Fabbrica di San Martino – Bianco 2015

Vermentino, Malvasia, Trebbiano – 13%

Stimola le funzioni gusto-olfattive e fa innescare un processo di dipendenza, in modo tale da far prendere in considerazione la possibilità di finire la bottiglia da soli. Rivitalizza i sensi assopiti, infonde ottimismo, vitalità ed energia positiva. Pesche sciroppate e albicocche, fiori di campo ed erbe, spezie e gesso. Sale piccante in bocca, freschezza minerale e grinta polposa. Ottimo adesso, migliorerà ancora nel tempo; bisognerebbe aspettarlo ma come si fa a resistergli?!

Marco Merli – Tristo 2014

Trebbiano (100%) – 12,5%

Seguo l’odore del pane appena sfornato


aroma del flauto magico

della mia immaginazione

Terre lontane

dove la natura
ti dà il buongiorno e lo riceve

Il rispetto antico dei nostri nonni
che si davano del Voi

Lo stesso che la natura ci rivolge
se debitamente riconosciuta

Non bestemmie
parole insulse
giudizi affrettati
sempre inappropriati

Luoghi comuni
che ti prendono l’anima
e non la restituiscono più

No

In queste terre
la natura e gli uomini
si danno del Voi

E parlano a bassa voce

In queste terre
i saggi raccontano

E io ascolto rapita

 

Agnese


Ecco cosa incontra la “Bocca di Rosa”; un vino che non viene bevuto per noia o per professione ma solo per passione, un vino che soddisfa le proprie voglie. Alla stazione successiva a quella di partenza, c’è scritto “Casa del Diavolo”, posto di perdizione dove s’incontra l’amor sacro e l’amor profano. Qui incontriamo Giano, il Dio bifronte, mentre guarda al passato e al futuro, mentre semina e raccoglie seguendo i cicli naturali. Ci porge il calice di comunione, il vaso sacro contenente il suo sangue; pesche e nespole, solvente, resina di pino e zafferano, fiori di campo ed erbe aromatiche, mandorle e miele. Elegante potenza, filante severità e passione bruciante; sono gli ingredienti di questo nettare che “alla stazione successiva” trova “molta più gente di quando partiva” perché

“una notizia un po’ originale
non ha bisogno di alcun giornale
come una freccia dall’arco scocca
vola veloce di bocca in bocca.”

 

 

 

Lammidia – Miscela 2015

Malvasia (60%), Trebbiano d´Abruzzo (30%), Pecorino d´Abruzzo (10%) – 11,5%

La scintilla che accende le nostre emozioni scatta quando avviciniamo il naso al composto. Miscelato alla perfezione, con giusta aromaticità, freschezza e corpo, passa dai sentori terreni e terrosi di radici, erbe officinali, spezie, resine e mandorle alla facilità e la prontezza di un sorso veloce, fresco-salino-amarognolo, carburante che ci fa fare tanti chilometri (e qualche pedalata) sul nostro “Ciao” della memoria.
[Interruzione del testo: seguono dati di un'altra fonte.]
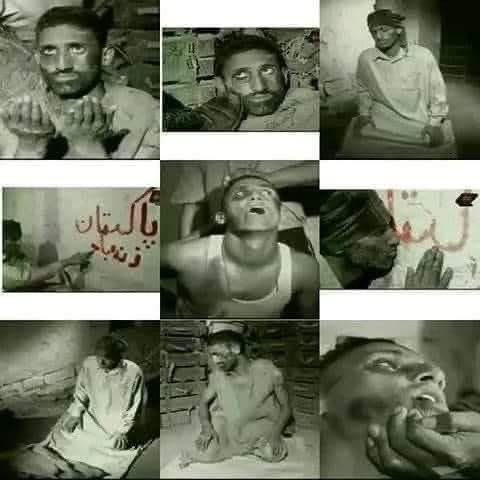Pakistan Cyber Defender tweet media
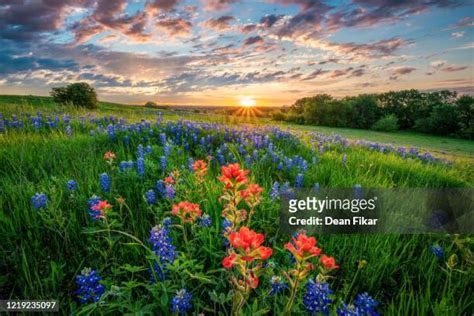 157 Bluebonnets And Indian Paintbrushes Stock Photos, High-Res Pictures ...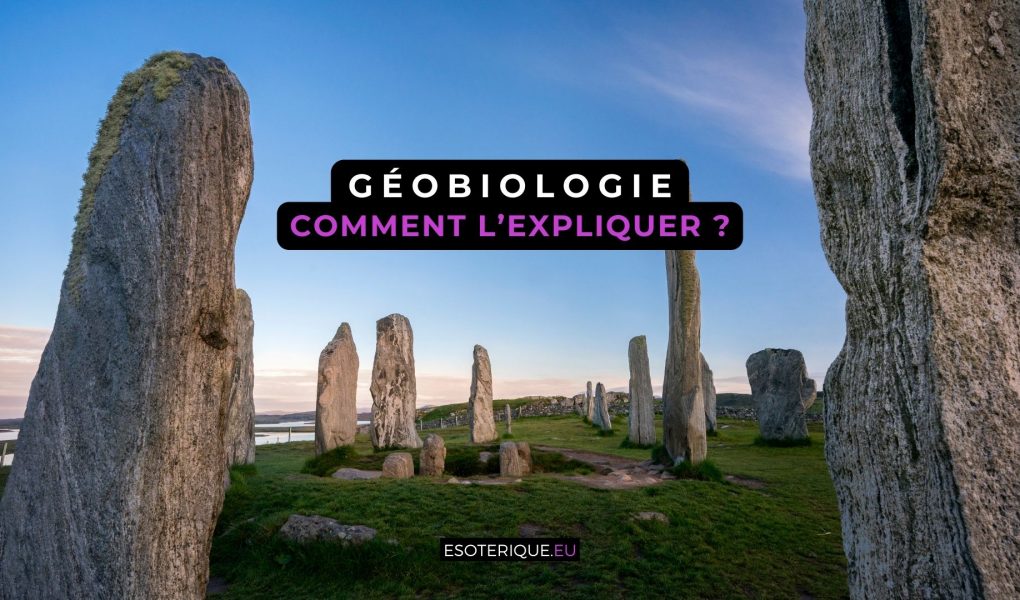 Comment expliquer la Geobiologie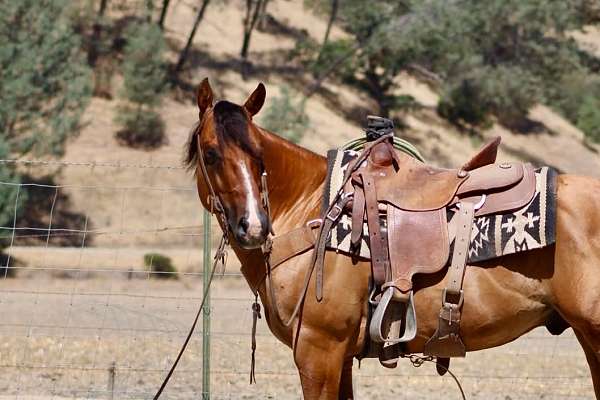 experienced-quarter-horse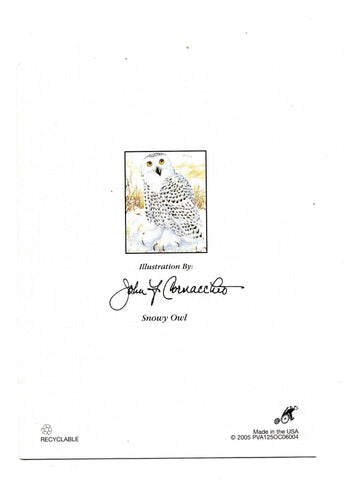 Snowy Owl Bird Birds Lovers Collection Blank Art illustrated Greeting Card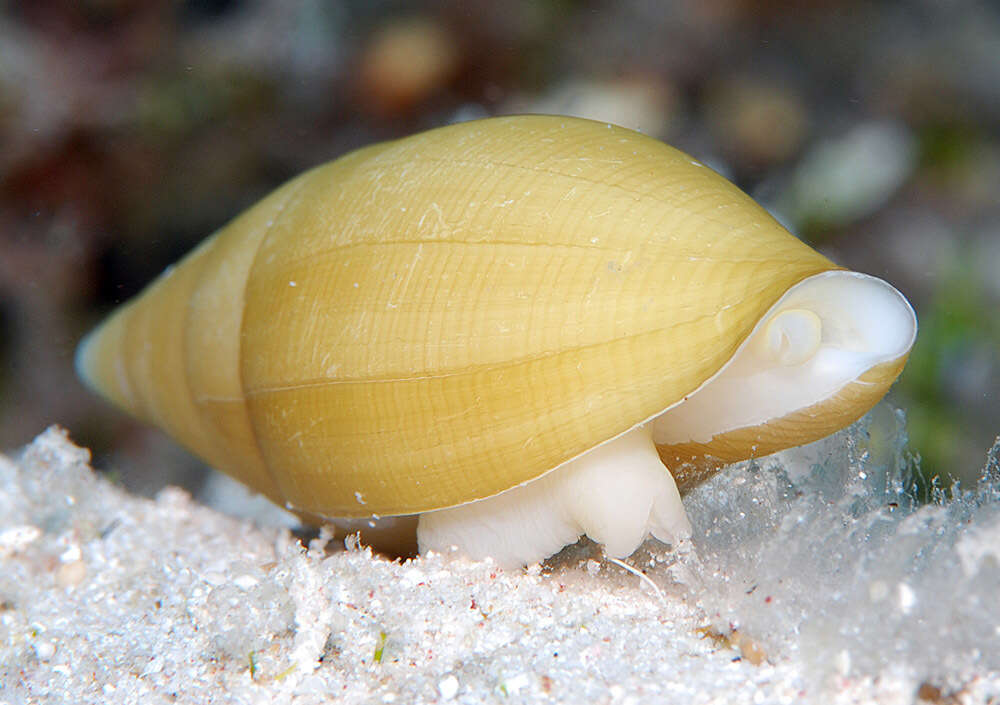 Image of Nebularia petrosa (G. B. Sowerby II 1874)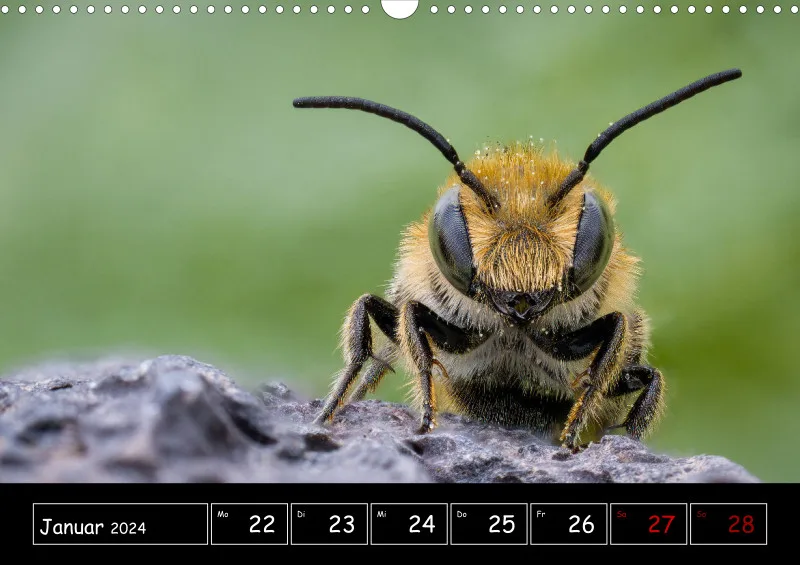 Der Makrokalender 2024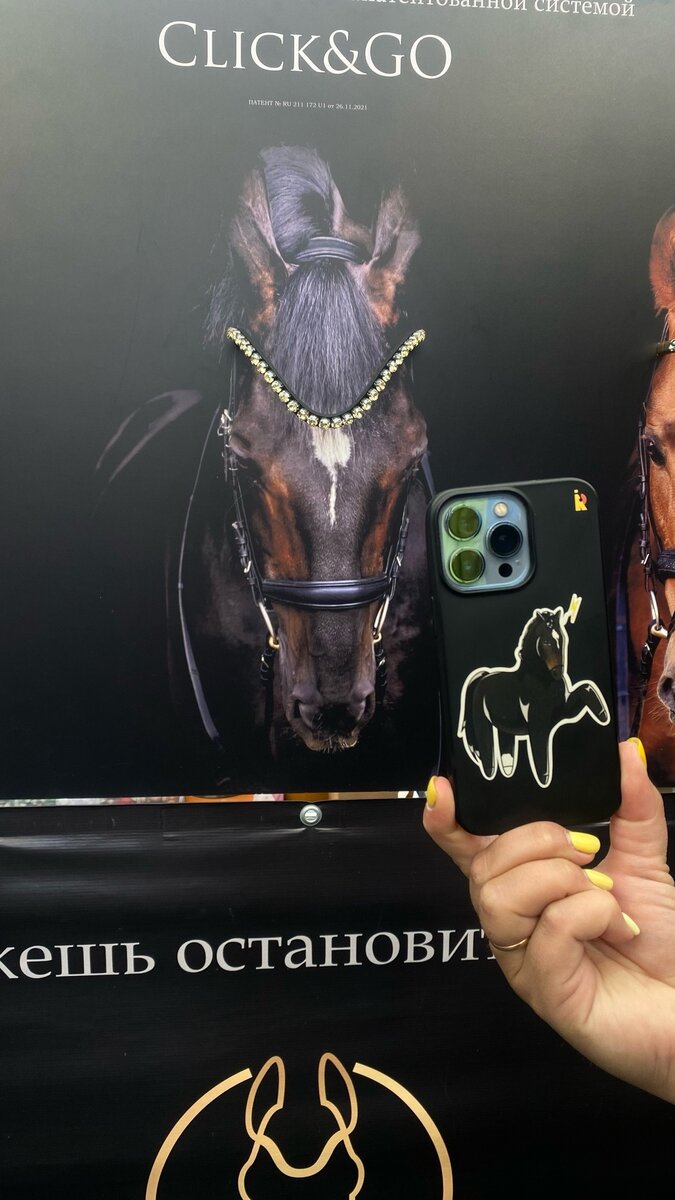 Марина Эквимарус тоже ходит с моим чехлом :)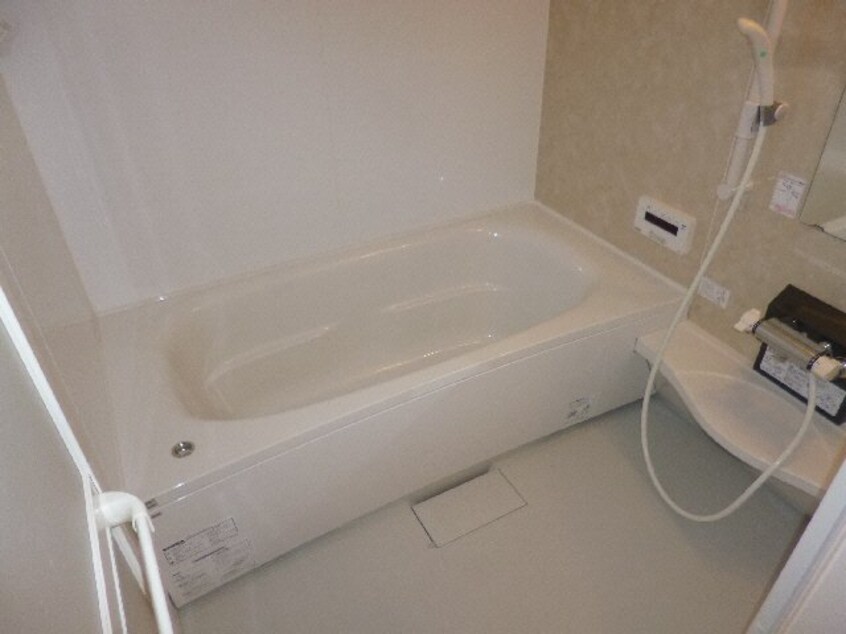  コルディアーレ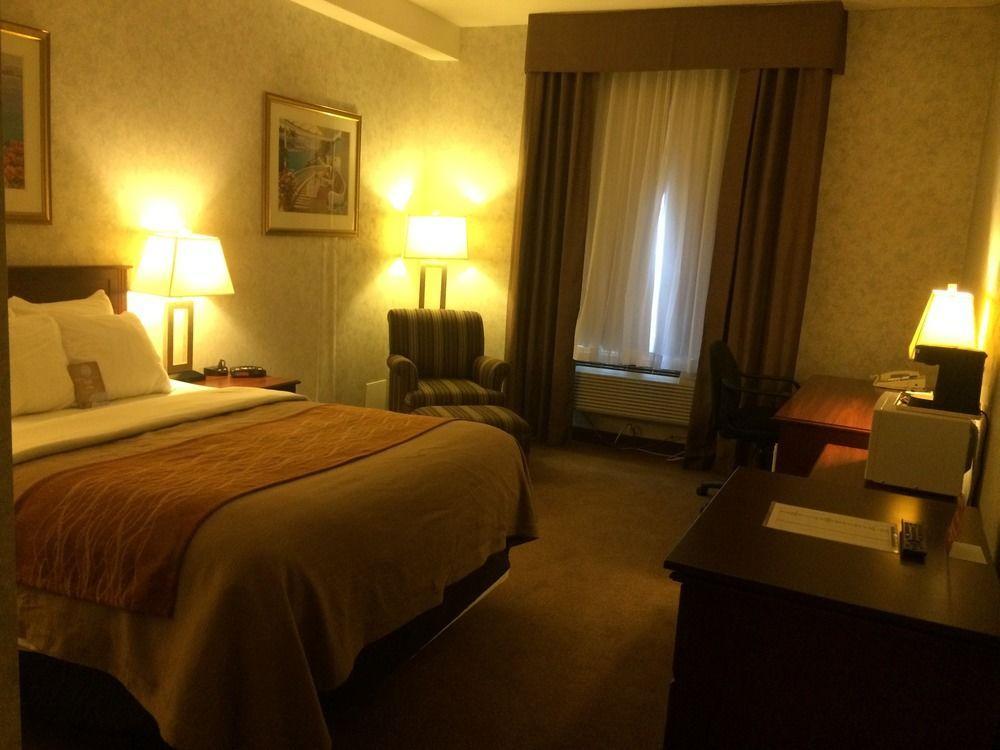 Comfort & Hotel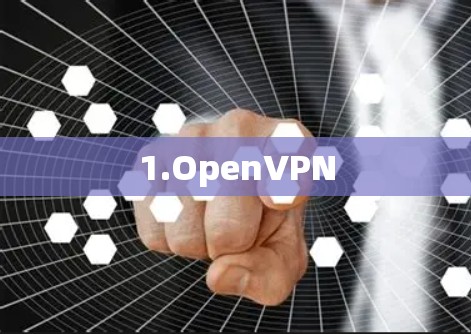 1.OpenVPN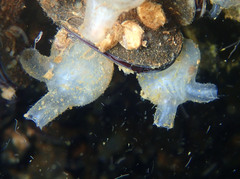 Molgula manhattensis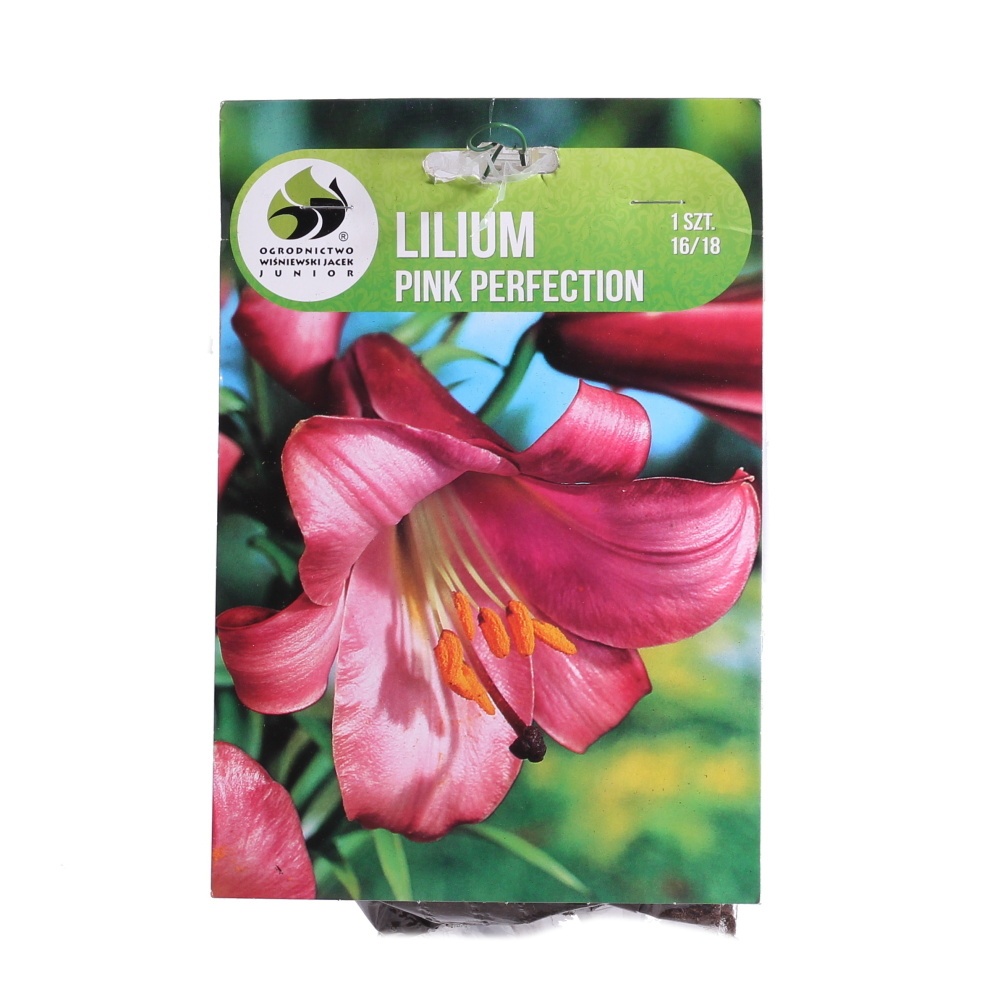 Lilie - Lilie Pink Perfection 1ks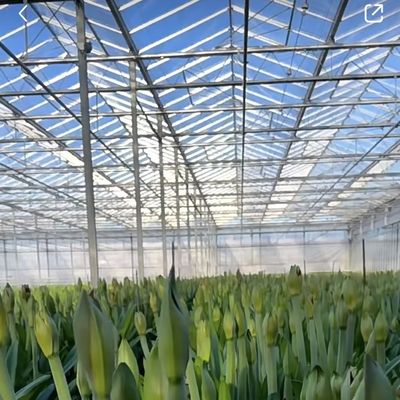 Système d'écran d'ombrage multi-étendue Serre en verre
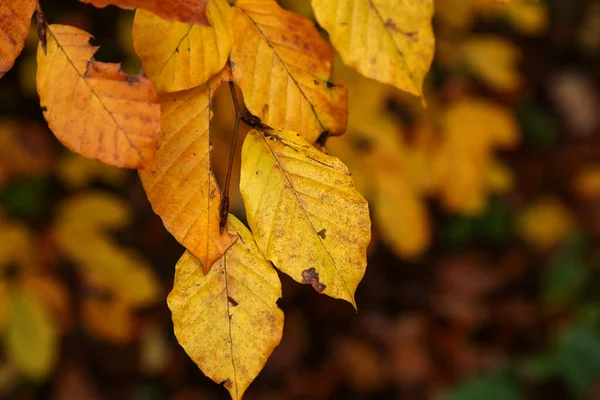 Selektywne Skupienie Złotych Liści Jesienią — Zdjęcie stockowe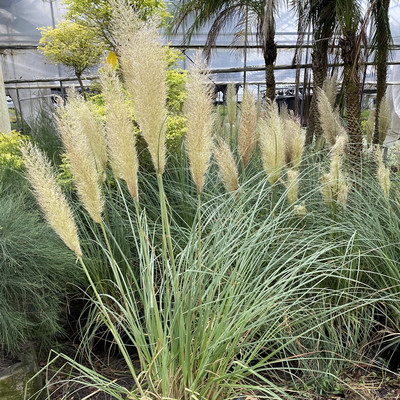 矮蒲苇盆栽庭院陆地水生花卉耐寒零下15植物多年生宿根花镜观赏草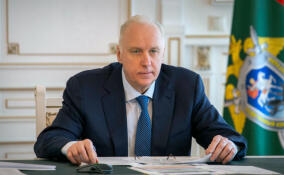 Бастрыкин потребовал доложить ему о расследовании нападения на медика в Ленобласти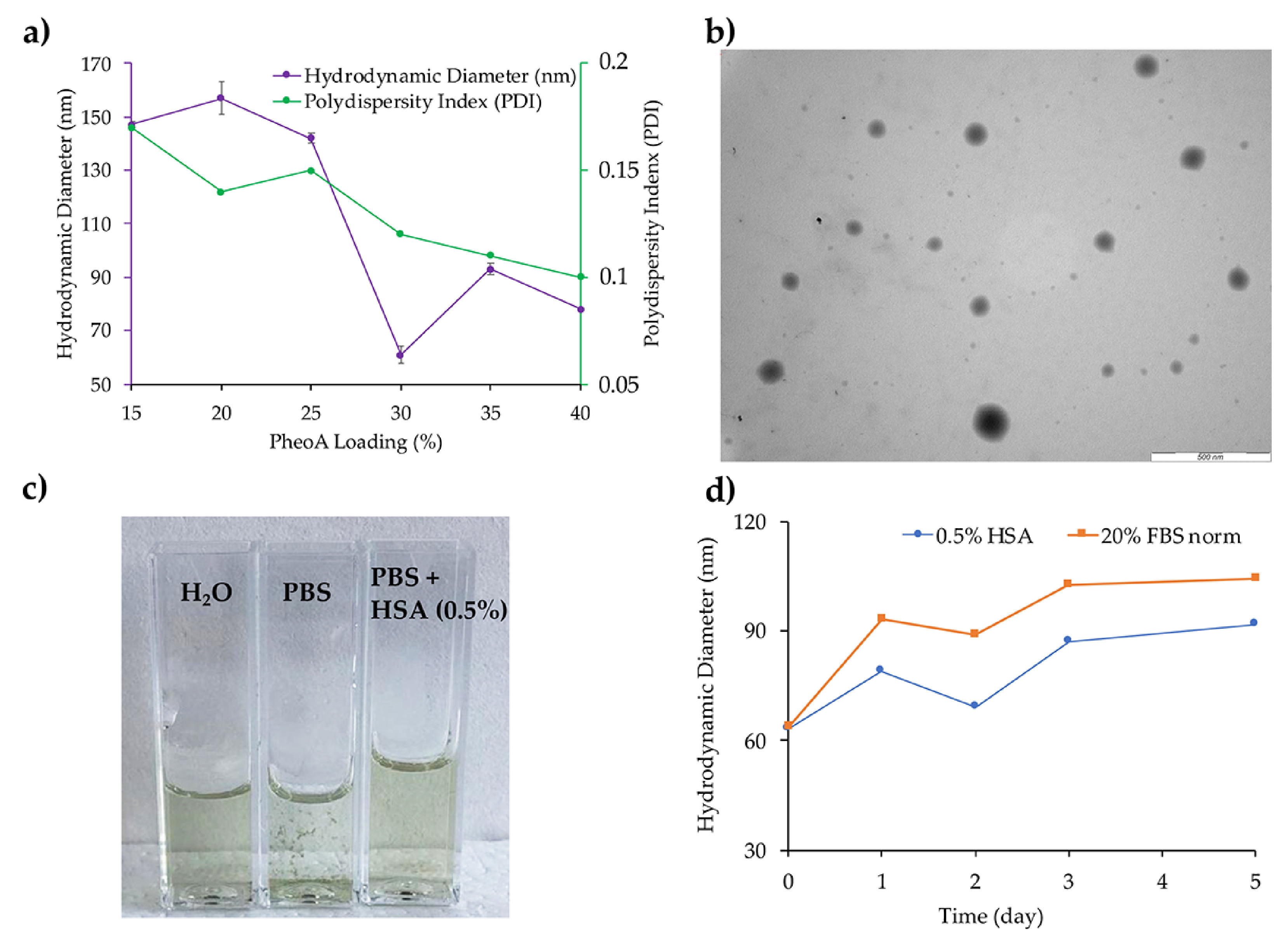 Pharmaceutics 13 01130 g002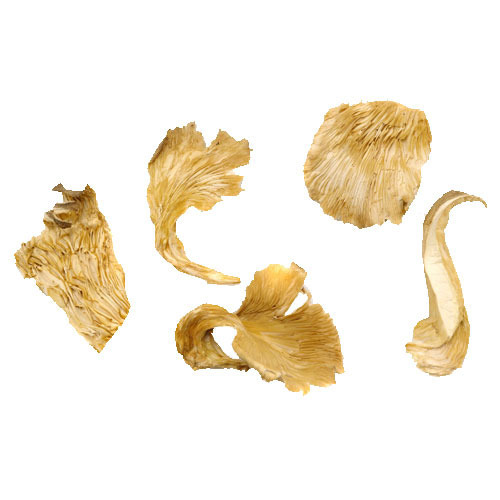 Dried Oyster Mushroom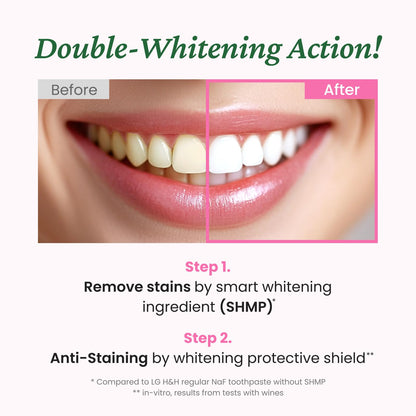 EUTHYMOL Whitening Toothpaste (3.7fl oz) - Stain Removal in 2 Weeks, Long-Lasting Freshness for Sensitive Gum & Teeth. Bad Breath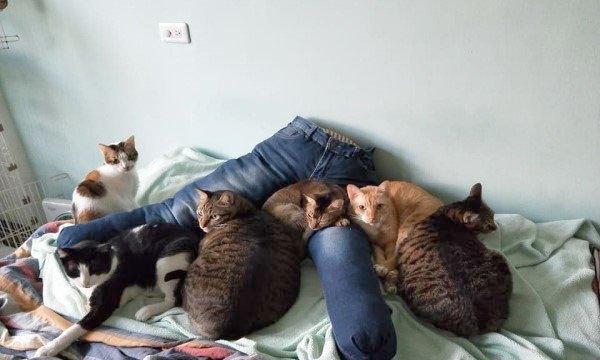 天冷男子胯下长出2窝小奶猫，网友羡慕“有种母鸡孵小鸡的感觉”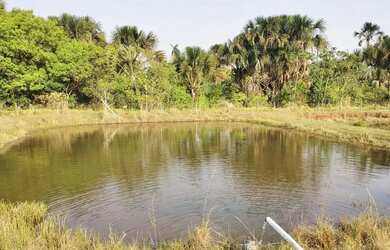 Imagem 3: Sítio 2,0 alqueires, muita água, entre Uberlândia e Monte Alegre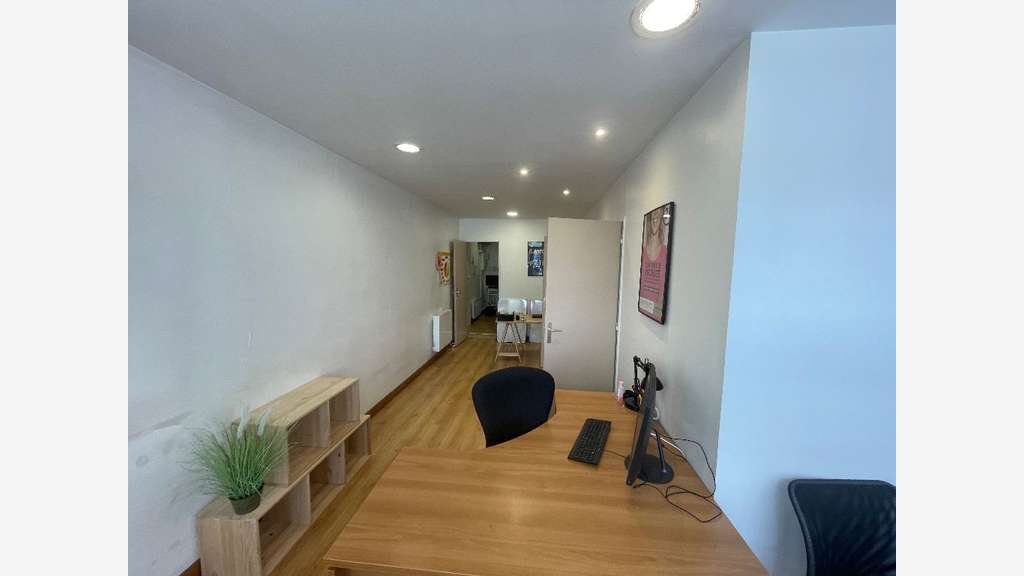 Location local commercial cours Richard Vitton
Fonterenza – Biancospino 2015

Trebbiano in prevalenza, Malvasia – 13,3%


Due passi nel bosco che portano dritto nella vigna; di fronte l’Amiata, ormai spenta da milleni. Il sole mattutino e il vento marino sul viso tirano gli angoli della bocca disegnando un sorriso. Le scarpe sporche di terra, il grappolo di Trebbiano pieno zeppo di vita nella mano. Nasce qui Biancospino, ora come allora, macerando le bucce e regalando calore e vivacità, prontezza e maturità. Acuto e slanciato come un buon distillato, passa dagli agrumi ai fiori gialli, fino alla genziana, il malto e lo zenzero. Saporito, pungente e solido, alterna severità e gentilezza come i contadini di una volta. Bontà e rispetto.

Vittorio Graziano – Ripa di Sopravento 2015

Trebbiano (vari cloni), vitigni ignoti – 12%

Sembra ma non è, invece si; cos’è? Semplice! O no? Assolutamente e complessamente semplice e -soprattutto- buono. Spontaneo, come la sua rifermentazione, sorprende strada facendo, ad andare dalla limpidezza del primo calice e naso alla torbidità dell’ultimo. Lievito e selce, fieno ed erbe aromatiche, pera e pompelmo e, infine, panettone profumato con i suoi canditi di arancia e cedro. Freschezza e sapidità spingono sull’acceleratore fino ad arrivare a una beva compulsiva, complice un sorso di grandissima piacevolezza e una bollicina solleticante. Spettacolo!